Cada um encontra nesse pélago o que lhe falta na vida.
E falam! falam... Todos os sonhadores se põem a falar ao mesmo tempo.
– Para quê então ser homem?
– Ninguém sabe.
– Quem me dera não sentir, andar como anda a essência do tição ardido, perdida no redemoinho eterno, ora na mãe d’água, ora no fundo do mar!
– O que é a Vida?
Os pobres a um canto escutam em silêncio aquelas criaturas nascidas entre pedras e que passaram a vida agarradas a um sonho. E não dizem palavra – porque só eles sabem sofrer.

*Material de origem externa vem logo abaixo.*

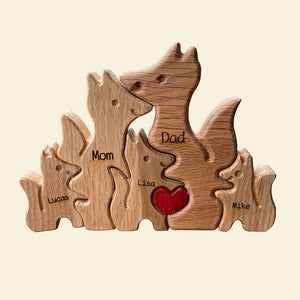 Personalized Fox Family Wooden Art Puzzle, Gift For Family 03ACHU310723 - Wood Sign - GoDuckee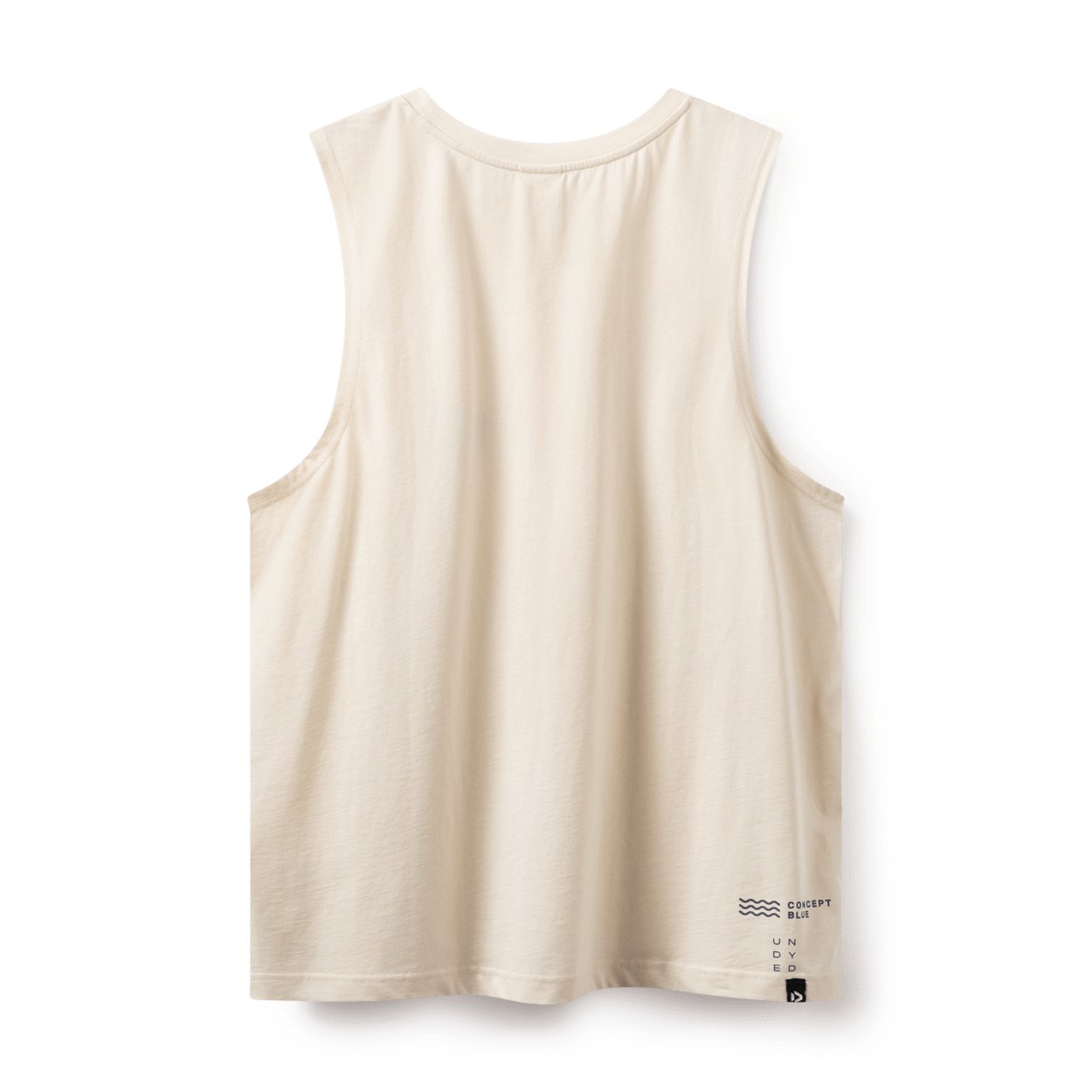 Men's undyed Duotone tank vest top in a natural cream colour with a minimalist Concept Blue logo detail on the hem.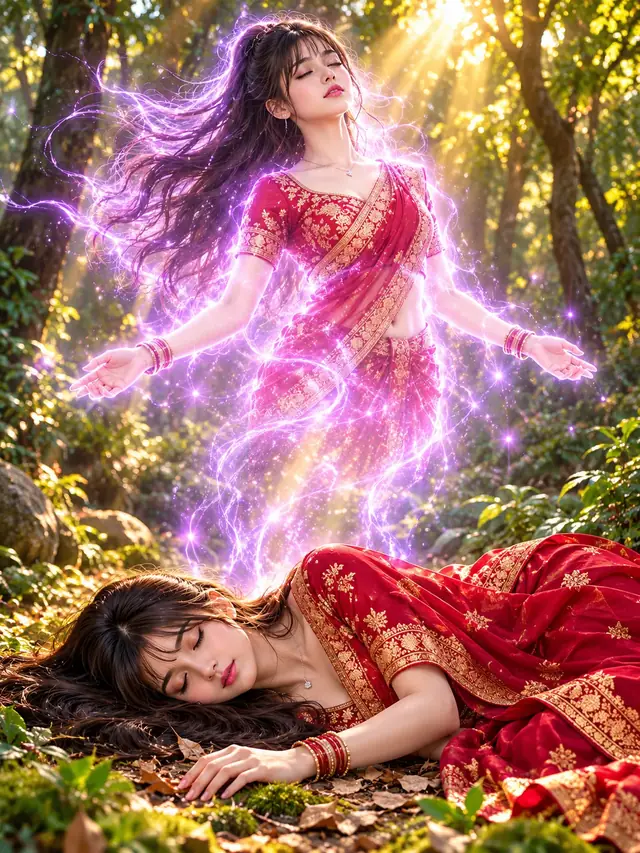 Mystical Soul Awakening, Glowing Spirit, Enchanted Forest Fantasy Portrait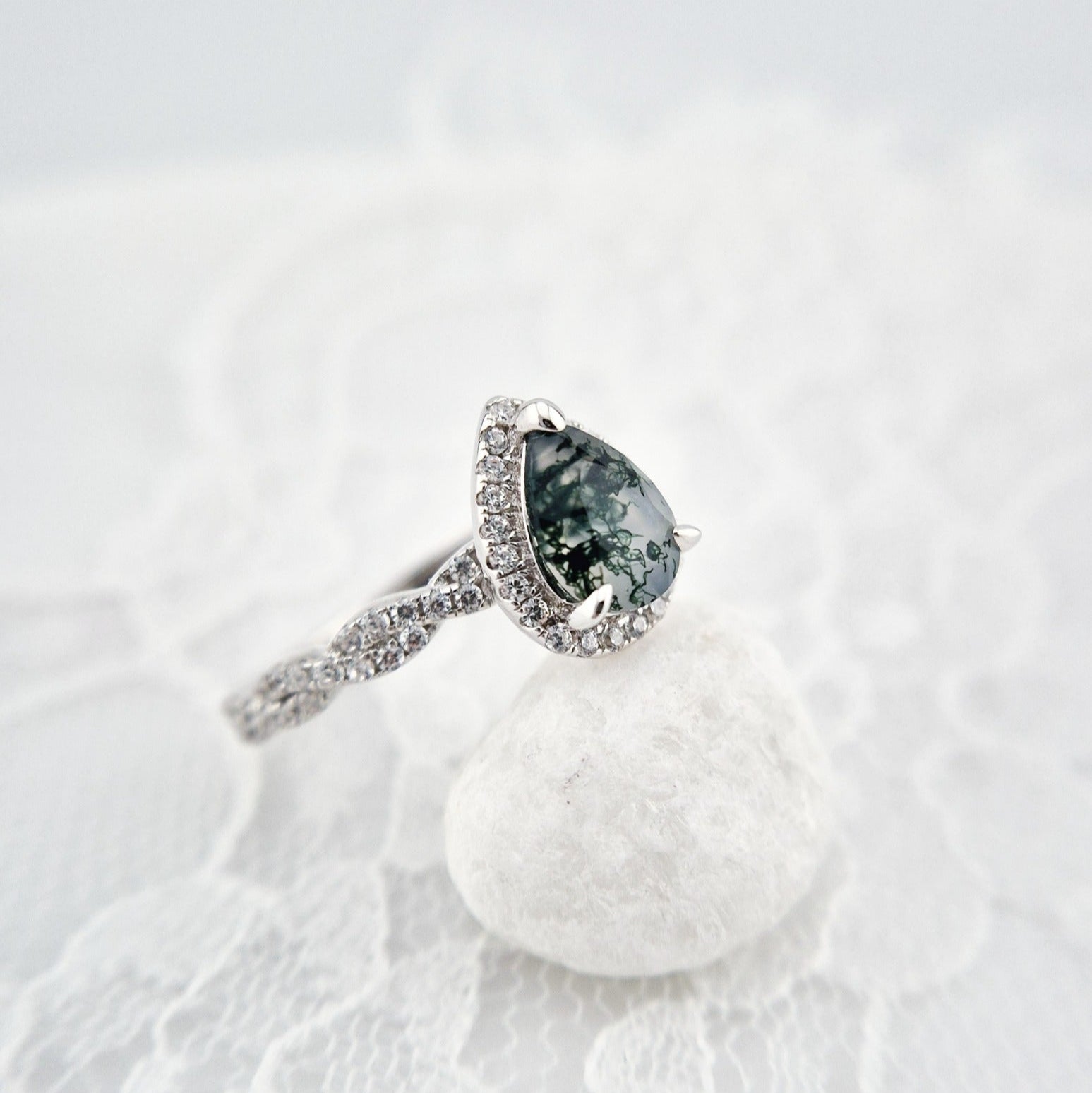 Moosachat Ring, Silber Ring mit Moosachat, Moss agate ring, Bague en agate mousse, Anello in agata muschiosa, Edelstein Ring, Silber RIng mit grünem Stein, Silver ring with green stone, green stone ring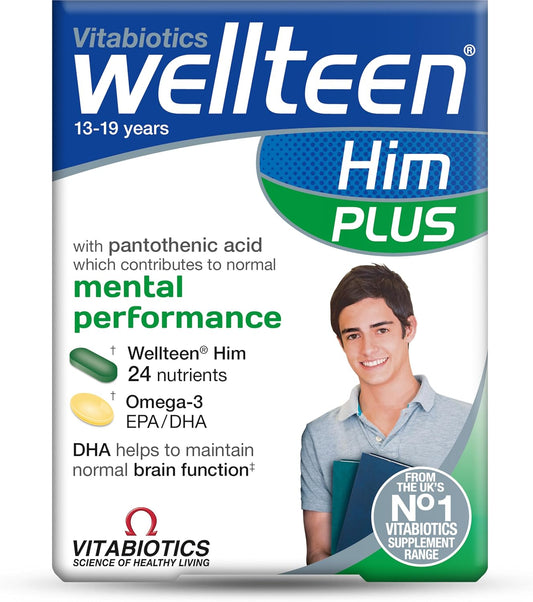 Vitabiotics Wellteen Him Plus Omega-3 – Maximum Nutritional Support for Teenage Boys and Young Men Aged 13-19 – 56 Tablets and Capsules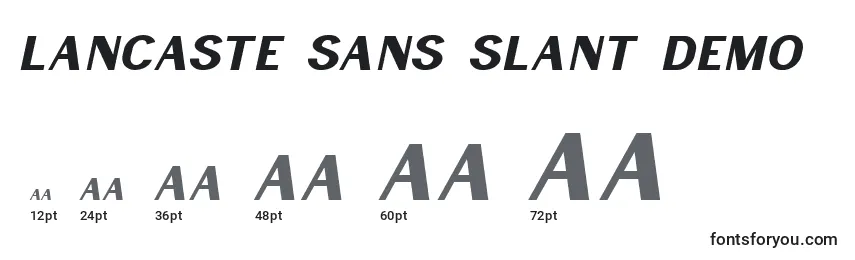 Размеры шрифта Lancaste Sans Slant Demo (132212)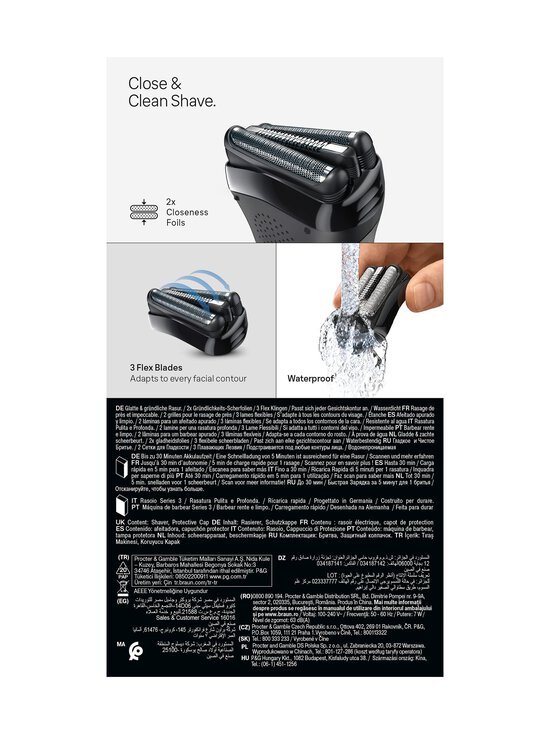 Braun - Series 3 Shaver -parranajokone - BLACK | Stockmann - photo 3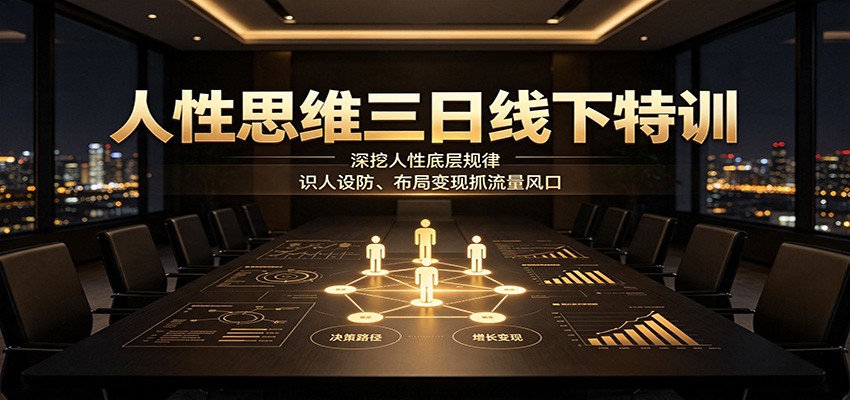 人性思维三日线下特训:深挖人性底层规律,识人设防、布局变现抓流量风口-LanTi云网创
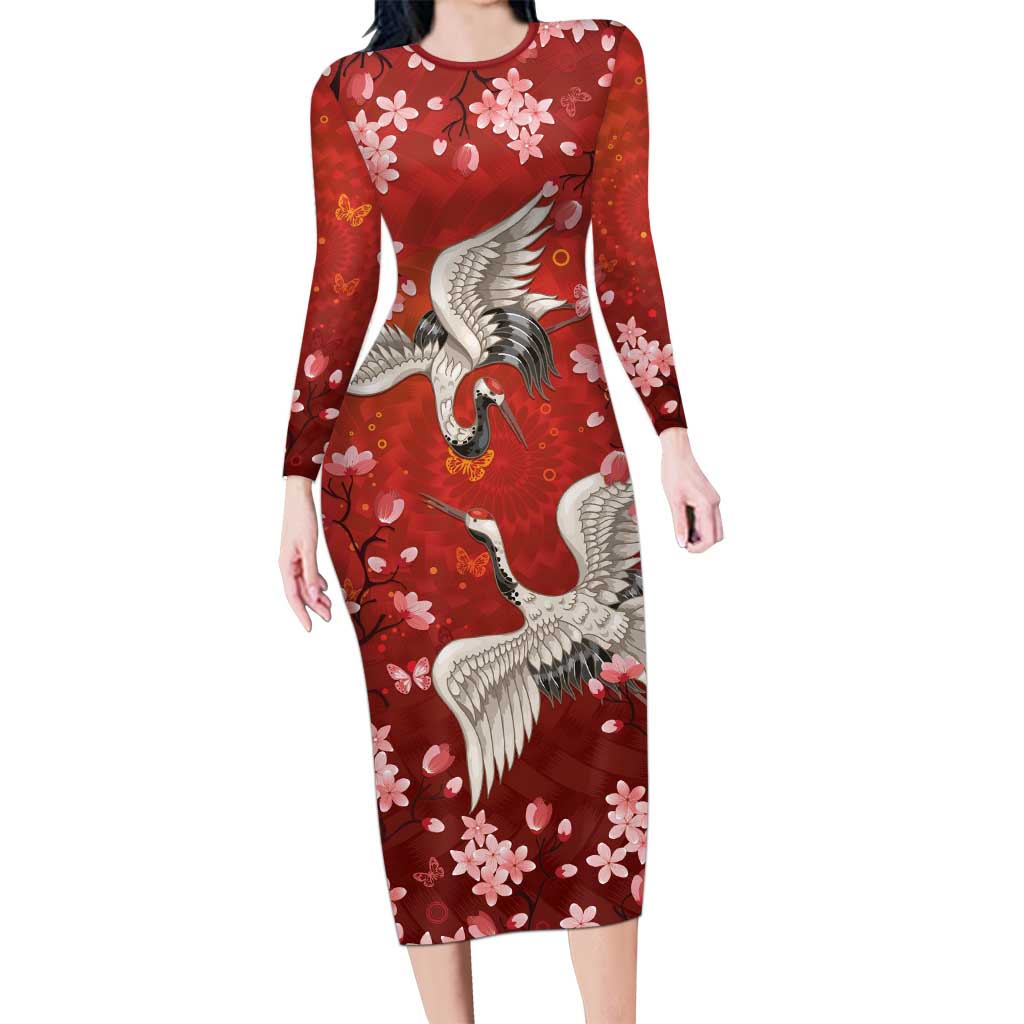 Hawaii Japan Cranes Sakura Flower Red Long Sleeve Bodycon Dress Japan Heritage Spirit LT01 Long Dress Red - Polynesian Pride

– Mas então mais vale a morte.
– Pois mais vale.
E não vêm lá no fundo as feições consumidas, os olhos fartos de chorar, as cabeças de mártires e de santos que parecem cavadas na madeira por algum escultor ignorante, mas que as impregnou para sempre duma vida estranha. Alguns são verdadeiros seres de espanto; de outros só se vêm as mãos enormes. E a certas fisionomias a luz ilumina-as e a sombra corrói-as como um ácido.
São anónimos. Só eles gastos e mudos mergulham na vida raízes profundas. Os outros dizem palavras, constroem em nuvens – eles edificam. Mas todos perguntavam na mesma ânsia – o que é a Vida?...
Sei lá o que é a Vida? Todos me interrogam e eu debalde me interrogo... Nunca foi só no mundo: fios invisíveis prenderam-me sempre a todos os seres não só pela piedade, não só pela comunhão com os desgraçados, mas por outra coisa maior e mais profunda, por um sentimento de remorso, como se eu tivesse alguma responsabilidade nesta dor e na criação das figuras de desgraça... E tenho medo. Tenho ao mesmo tempo remorso e medo. Nunca entrei numa casa de prostitutas sem pavor. Afigurava-se-me sempre uma cena de outro mundo atroz – e isto é ainda o menos – de outro mundo que eu tivesse engendrado.